Denison alum to receive lifetime Emmy, publish book

By Laura Carr & Owen Smith

Editor-in-Chief & Sports Editor

A graduate of Denison’s 1980 class, George Bodenheimer spent 33 years working his way up from the mailroom of ESPN to becoming the company’s executive chairman.

“I call it being a student of the business: I pushed myself to keep learning about the business, I worked extremely hard, I had mentors along the way; Having mentors is extremely important [and] I was fortunate enough to be with a growing company,” Bodenheimer said. “I think if you work hard then those kind of opportunities are out there for young grads today.”

Bodenheimer, 58, was the first member of his immediate family to attend a college. His path to Denison began after a family friend encouraged him to visit the school.
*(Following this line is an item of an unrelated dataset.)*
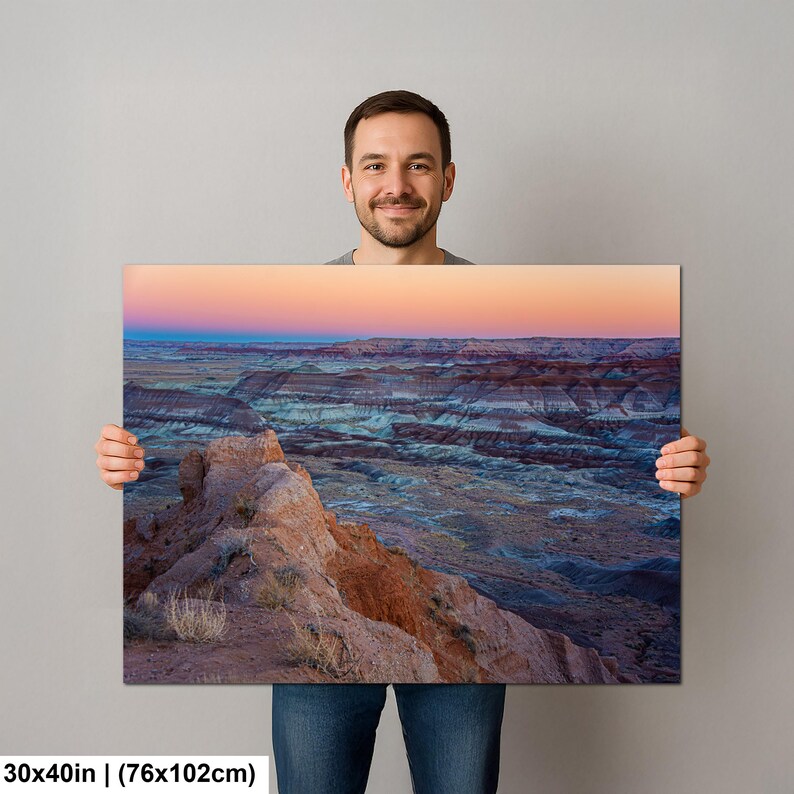 May include: A rectangular landscape wall art print measuring 30 by 40 inches, featuring a desert canyon at sunset with layered rock formations in shades of orange, blue, and grey under a soft pink and orange gradient sky with sparse vegetation.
During his time at Denison, Bodenheimer joined the Ohio Mu chapter of Sigma Alpha Epsilon (SAE) fraternity on campus, served as Vice President of the Interfraternity Council and played several intramural sports.

Although the university’s chapter of SAE was disbanded in 2001, Bodenheimer said that being a member of the fraternity was an invaluable experience.
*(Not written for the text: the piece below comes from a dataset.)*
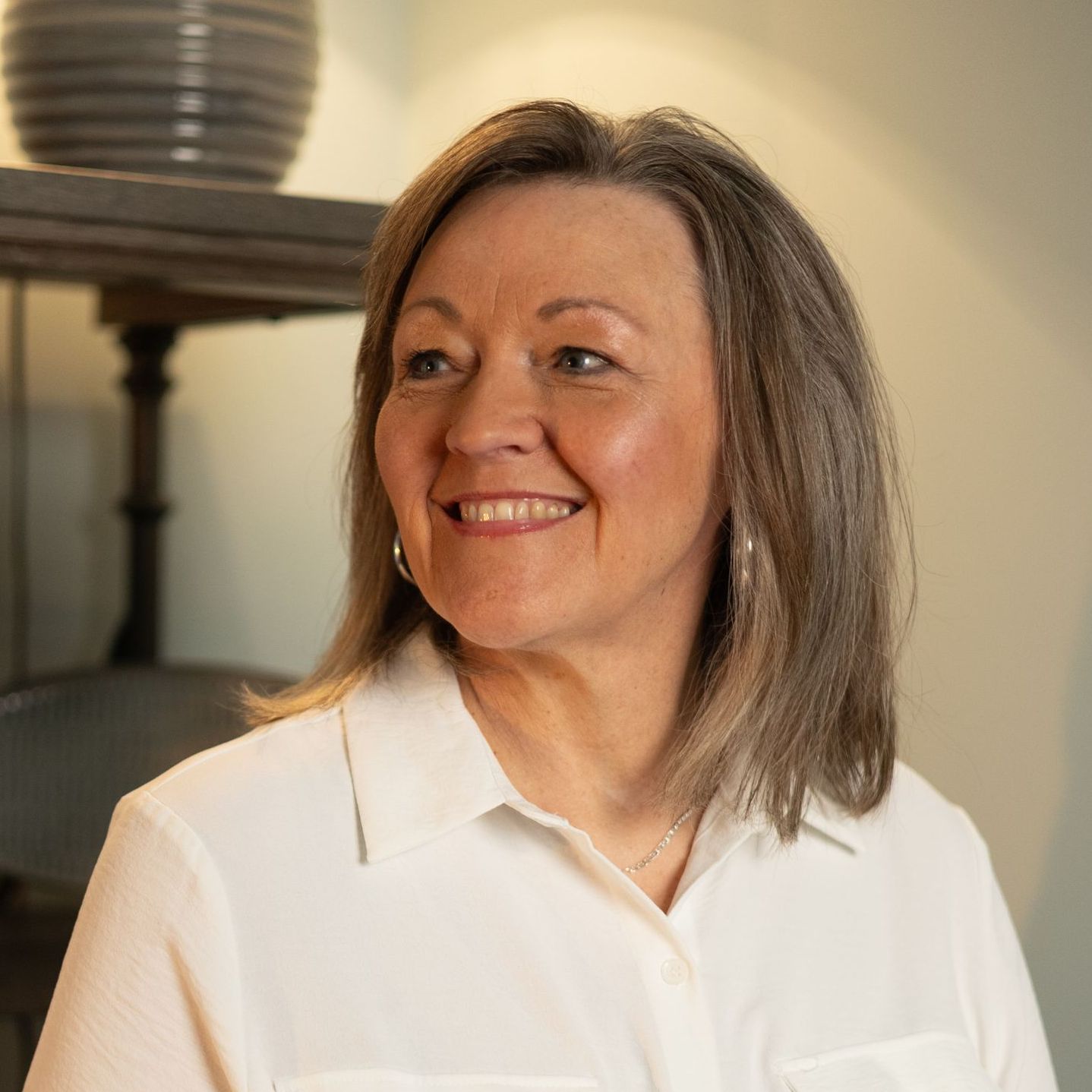 A woman is smiling in front of a tree.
George Bodenheimer ‘80 explains that his success comes from pushing himself to keep learning about the business, working extremely hard and having mentors along the way.
George Bodenheimer ‘80 explains that his success comes from pushing himself to keep learning about the business, working extremely hard and having mentors along the way.

“Being an SAE was a highlight of my time at Denison,” he said. “They turned into some of my best friends for life. I was just going back and forth with one of them this morning.”
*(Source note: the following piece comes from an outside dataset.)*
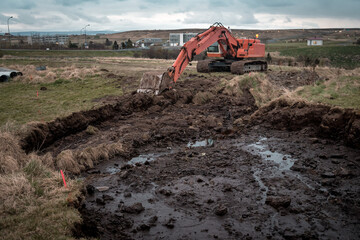 excavator and freshly dug trench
The former president of ESPN displayed entrepreneurial inclinations early on when he founded Campus Shopper, a business geared toward advertising local businesses to Denison students. Bodenheimer also held jobs on campus and off campus throughout his tenure at Denison.

Bodenheimer had a clear career path in mind after graduating from Denison. He set his sights on the sports entertainment field and sent a letter to every Major League Baseball team asking for a job.

“The only letter I got back was from a Denison alum named Bill Giles, the owner of the Philadelphia Phillies,” he said. “It just shows the value of the Denison alumni network and why it’s so important. We became friends after that. It didn’t result in a job, but it did open doors.”

Claire Ludlow ‘17, an Environmental Studies and Communication double major from Saugatuck, Mich., finds inspiration in Bodenheimer’s work.

“Mr. Bodenheimer has made a profound impact on my post-college thoughts and potential plans,” she said. “He epitomizes devotion and commitment as exemplified by his experience at ESPN and has made me proud and confident of my Denison education. I’m excited knowing I don’t need a vocationally specific degree in order to be happy and successful.”

Bodenheimer found the opening for a position in the sports entertainment industry in 1981 at ESPN, a budding Connecticut-based sports media television channel at the time.

Bodenheimer’s patient 33-year journey with the company began in the mailroom, and he eventually became ESPN’s president in 1998 and served until December 2011.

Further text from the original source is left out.